Jesteśmy w Katowicach. Właściwie - bywamy w Katowicach cyklicznie, od wielu lat. Ten post jest podsumowaniem kilkuletnich obserwacji miasta, zwanym Miastem Ogrodów. Bogata oferta kulturalna, wieloletnia spuścizna przemysłowa, obecność lasów i zieleni czynią z Katowic jedno z najciekawszych i ciągle najbardziej niedocenionych miast Śląska. Warto tu przyjechac przez cały rok. Katowice bardzo zmieniły się na przestrzeni lat. Przyjechałem tu w 2007 roku, jako student Uniwersytetu Śląskiego i mieszkaniec Osiedla Akademickiego na Ligocie. Spodobało mi się, że mieszkam pośród dzikiego lasu, gdzie częstymi gośćmi są dziki, a kilka kilometrów dalej studiuję pośród zwartej zabudowy katowickich kamienic.

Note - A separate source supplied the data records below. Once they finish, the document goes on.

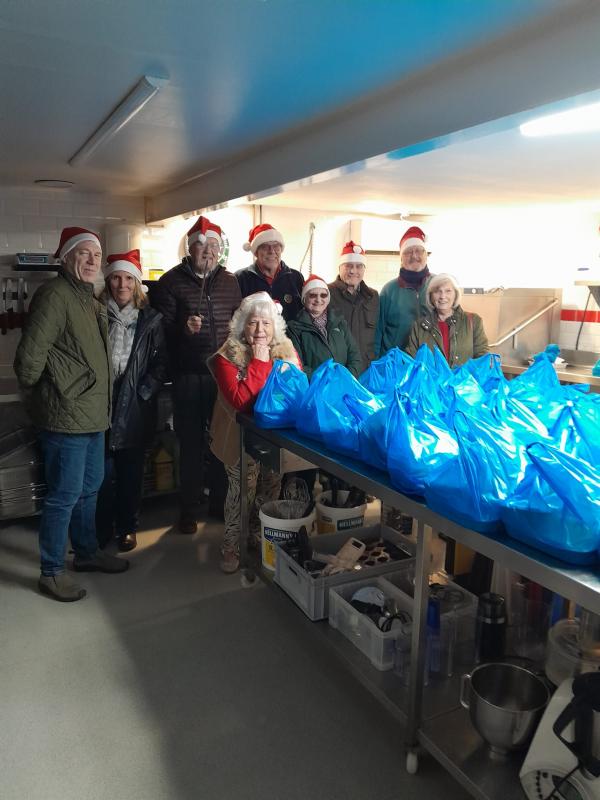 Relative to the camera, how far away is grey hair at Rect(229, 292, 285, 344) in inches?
111

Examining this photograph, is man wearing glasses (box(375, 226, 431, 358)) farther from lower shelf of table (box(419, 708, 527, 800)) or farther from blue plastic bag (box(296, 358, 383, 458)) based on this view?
lower shelf of table (box(419, 708, 527, 800))

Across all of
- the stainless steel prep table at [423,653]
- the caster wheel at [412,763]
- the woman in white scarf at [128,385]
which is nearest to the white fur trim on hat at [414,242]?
the woman in white scarf at [128,385]

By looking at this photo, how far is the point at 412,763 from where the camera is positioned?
181 cm

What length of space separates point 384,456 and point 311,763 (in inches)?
38.2

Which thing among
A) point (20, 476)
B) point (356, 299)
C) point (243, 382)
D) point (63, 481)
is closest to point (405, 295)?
point (356, 299)

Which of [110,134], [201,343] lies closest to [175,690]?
[201,343]

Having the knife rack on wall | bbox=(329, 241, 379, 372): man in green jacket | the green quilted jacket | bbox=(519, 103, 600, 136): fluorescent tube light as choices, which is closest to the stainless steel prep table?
the green quilted jacket

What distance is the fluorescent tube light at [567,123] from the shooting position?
2.56 m

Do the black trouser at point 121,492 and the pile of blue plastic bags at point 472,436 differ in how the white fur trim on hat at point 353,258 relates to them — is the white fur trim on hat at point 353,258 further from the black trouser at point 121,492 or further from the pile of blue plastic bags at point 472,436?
the black trouser at point 121,492

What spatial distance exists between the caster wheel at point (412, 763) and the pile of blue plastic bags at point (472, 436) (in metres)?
0.81

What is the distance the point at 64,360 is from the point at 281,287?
61.9 inches

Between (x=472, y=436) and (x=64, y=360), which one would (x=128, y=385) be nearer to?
(x=64, y=360)

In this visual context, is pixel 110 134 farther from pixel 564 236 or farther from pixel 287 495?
pixel 564 236

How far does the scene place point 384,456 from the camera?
1838 mm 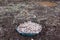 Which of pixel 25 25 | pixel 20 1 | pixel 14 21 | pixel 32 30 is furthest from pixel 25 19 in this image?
pixel 20 1

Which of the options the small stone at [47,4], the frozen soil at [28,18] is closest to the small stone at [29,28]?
the frozen soil at [28,18]

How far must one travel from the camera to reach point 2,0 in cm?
332

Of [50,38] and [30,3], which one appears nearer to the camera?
[50,38]

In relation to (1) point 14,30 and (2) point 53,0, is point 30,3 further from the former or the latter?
(1) point 14,30

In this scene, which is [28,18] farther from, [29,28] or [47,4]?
[47,4]

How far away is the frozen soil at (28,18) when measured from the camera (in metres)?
2.15

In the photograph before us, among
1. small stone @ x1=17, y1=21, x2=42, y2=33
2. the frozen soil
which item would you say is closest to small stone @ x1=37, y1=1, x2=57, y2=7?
the frozen soil

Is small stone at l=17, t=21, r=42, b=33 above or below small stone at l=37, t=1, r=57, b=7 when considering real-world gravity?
above

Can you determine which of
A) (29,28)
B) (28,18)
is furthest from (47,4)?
(29,28)

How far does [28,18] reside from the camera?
2.59 meters

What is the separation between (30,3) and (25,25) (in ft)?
3.41

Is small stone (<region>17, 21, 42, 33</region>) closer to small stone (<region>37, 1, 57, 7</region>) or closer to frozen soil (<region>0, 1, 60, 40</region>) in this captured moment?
frozen soil (<region>0, 1, 60, 40</region>)

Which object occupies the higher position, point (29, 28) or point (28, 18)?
point (29, 28)

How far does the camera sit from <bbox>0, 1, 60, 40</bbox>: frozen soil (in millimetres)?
2146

Istotnie, w obrębie Katowic lesistość wynosi ponad 42 %, aż trudno w to uwierzyć. Jestem tutaj ponownie. Po tych kilkunastu latach zmieniło się bardzo wiele. Rewitalizację przeszedł Rynek Główny, wymieniono kilometry torów tramwajowych, przeniesiono Muzeum Śląskie na teren dawnej kopalni "Katowice", wybudowano nową siedzibę NOSPR - żeby wymienić te najważniejsze. Katowice zmieniły się przez te lata bardzo, i są to zmiany na plus. Nawet osiedle studenckie Ligota zyskało nowy blask, choćby przez rewitalizację Parku Zadole, czego efektem jest tężnia solankowa. Miasto ogrodów? Na pewno miasto różnorodności. Zobaczmy zatem, co w Katowicach piszczy obecnie... 


Nikiszowiec


Jest kilka miejsc - symboli Katowic. Jednym z nich jest osiedle Nikiszowiec, leżące przy granicy z Mysłowicami. Nazwę swą osiedle zawdzięcza zbudowanemu tutaj na początku XX wieku szybowi kopalnianemu „Nickischschacht” (dziś „Poniatowski”). Nikiszowiec powstawał w latach 1908-1919, kiedy robotnikom na pobliskim Giszowcu zaczęło być za ciasno. Projektantami kolonii byli Emil i Georg Zillmannowie. Przekuli oni idee przestrzennego ładu w osiedle – można by rzec – samowystarczalne, po prostu doskonałe. Miasto w mieście - kompleks w Nikiszowcu tworzą trzykondygnacyjne ceglane bloki, tworzące czworoboki z wewnętrznymi dziedzińcami, na których mieszkańcy mieli do dyspozycji chlewiki, komórki i piece do wypieku chleba. W dziedzińcach dziś niewiele się dzieje, ale kiedyś tętniły życiem i były sercem rzędów bloków. Osiedle zachwyca przestrzenią - mieszkańcy nie duszą się, stłamszeni niewielką przestrzenią typową dla robotniczych osiedli Śląska. Ogromne dziedzińce, spory rynek i niewysokie bloki - kamienice tworzą wrażenie swobody i przestrzeni. Małe miasto - a to przecież tylko osiedle. Nikisz oferuje dziewięć klimatycznych budynków, połączonych przewiązkami. Uwagę zwracają – również zaprojektowane przez Zillmannów – urozmaicone detale architektoniczne, zdobiące wszystkie gmachy. Czerwone ramki okienne, malowidła, rzeźbienia to prawdziwa uczta dla oka. Na osiedlu powstały także m.in. sklepy, szkoły, pralnia i suszarnia. Centrum osiedla stanowi(ł) rynek, przy którym stoi m.in. gmach dawnej gospody z charakterystyczną mozaiką przedstawiającą róże na fasadzie. Spore wrażenie robi neogotycki Kościół św. Anny o arcyciekawej bryle. Zabytków tutaj na pęczki. Przy ul. Rymarskiej 4 ulokował się Dział Etnologii Miasta Muzeum Historii Katowic. Nic dziwnego, że osiedle było inspiracją dla filmowców, a Artur Rojek pierwsze edycje Off-Festivalu planował właśnie na Nikiszowcu. Zaczepiam jedną z mieszkanek i pytam o tradycję malowania czerwonych ramek okiennych: "Tak było i tak zostało. Ramki malują poszczególni mieszkańcy i robią to, jak stara farba wyblaknie, albo według uznania". Dodam, że czerwoną farbę podobno zdobywali górnicy jeszcze na początku 20 wieku, tradycja została. I bardzo dobrze. Jedynie szkoda, że wrażenie ogólne psują zaparkowane wszędzie samochody.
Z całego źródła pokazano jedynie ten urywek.